=== Section Start ===

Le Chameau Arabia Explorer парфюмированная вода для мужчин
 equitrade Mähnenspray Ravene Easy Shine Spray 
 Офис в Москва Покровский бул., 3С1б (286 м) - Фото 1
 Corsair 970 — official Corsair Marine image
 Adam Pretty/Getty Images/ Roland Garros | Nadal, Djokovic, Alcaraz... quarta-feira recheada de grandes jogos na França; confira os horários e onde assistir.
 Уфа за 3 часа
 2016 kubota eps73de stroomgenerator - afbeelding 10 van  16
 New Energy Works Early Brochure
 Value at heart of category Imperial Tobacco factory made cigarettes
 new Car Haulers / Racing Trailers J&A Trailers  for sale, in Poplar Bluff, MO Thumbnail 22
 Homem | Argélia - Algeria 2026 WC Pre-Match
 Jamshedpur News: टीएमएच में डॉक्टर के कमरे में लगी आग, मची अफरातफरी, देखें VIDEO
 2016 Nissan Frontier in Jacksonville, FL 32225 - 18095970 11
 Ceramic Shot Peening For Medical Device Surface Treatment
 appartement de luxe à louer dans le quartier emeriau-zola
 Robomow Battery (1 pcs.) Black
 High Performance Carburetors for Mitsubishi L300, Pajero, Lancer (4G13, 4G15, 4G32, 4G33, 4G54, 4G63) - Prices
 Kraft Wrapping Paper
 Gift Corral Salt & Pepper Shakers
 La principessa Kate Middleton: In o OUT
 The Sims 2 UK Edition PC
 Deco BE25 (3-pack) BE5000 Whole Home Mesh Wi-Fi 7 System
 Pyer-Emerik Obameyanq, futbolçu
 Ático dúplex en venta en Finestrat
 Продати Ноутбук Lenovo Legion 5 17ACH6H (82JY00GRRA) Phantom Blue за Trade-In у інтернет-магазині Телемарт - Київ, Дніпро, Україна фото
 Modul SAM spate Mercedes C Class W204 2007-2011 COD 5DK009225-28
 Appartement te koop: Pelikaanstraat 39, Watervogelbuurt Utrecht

=== Section End ===

| Your assignment |
Reproduce exactly, please, only the lines from the start of the data above to the line that contains "Robomow Battery (1 pcs.) Black", with both ends kept.

| Written answer |
Le Chameau Arabia Explorer парфюмированная вода для мужчин
 equitrade Mähnenspray Ravene Easy Shine Spray 
 Офис в Москва Покровский бул., 3С1б (286 м) - Фото 1
 Corsair 970 — official Corsair Marine image
 Adam Pretty/Getty Images/ Roland Garros | Nadal, Djokovic, Alcaraz... quarta-feira recheada de grandes jogos na França; confira os horários e onde assistir.
 Уфа за 3 часа
 2016 kubota eps73de stroomgenerator - afbeelding 10 van  16
 New Energy Works Early Brochure
 Value at heart of category Imperial Tobacco factory made cigarettes
 new Car Haulers / Racing Trailers J&A Trailers  for sale, in Poplar Bluff, MO Thumbnail 22
 Homem | Argélia - Algeria 2026 WC Pre-Match
 Jamshedpur News: टीएमएच में डॉक्टर के कमरे में लगी आग, मची अफरातफरी, देखें VIDEO
 2016 Nissan Frontier in Jacksonville, FL 32225 - 18095970 11
 Ceramic Shot Peening For Medical Device Surface Treatment
 appartement de luxe à louer dans le quartier emeriau-zola
 Robomow Battery (1 pcs.) Black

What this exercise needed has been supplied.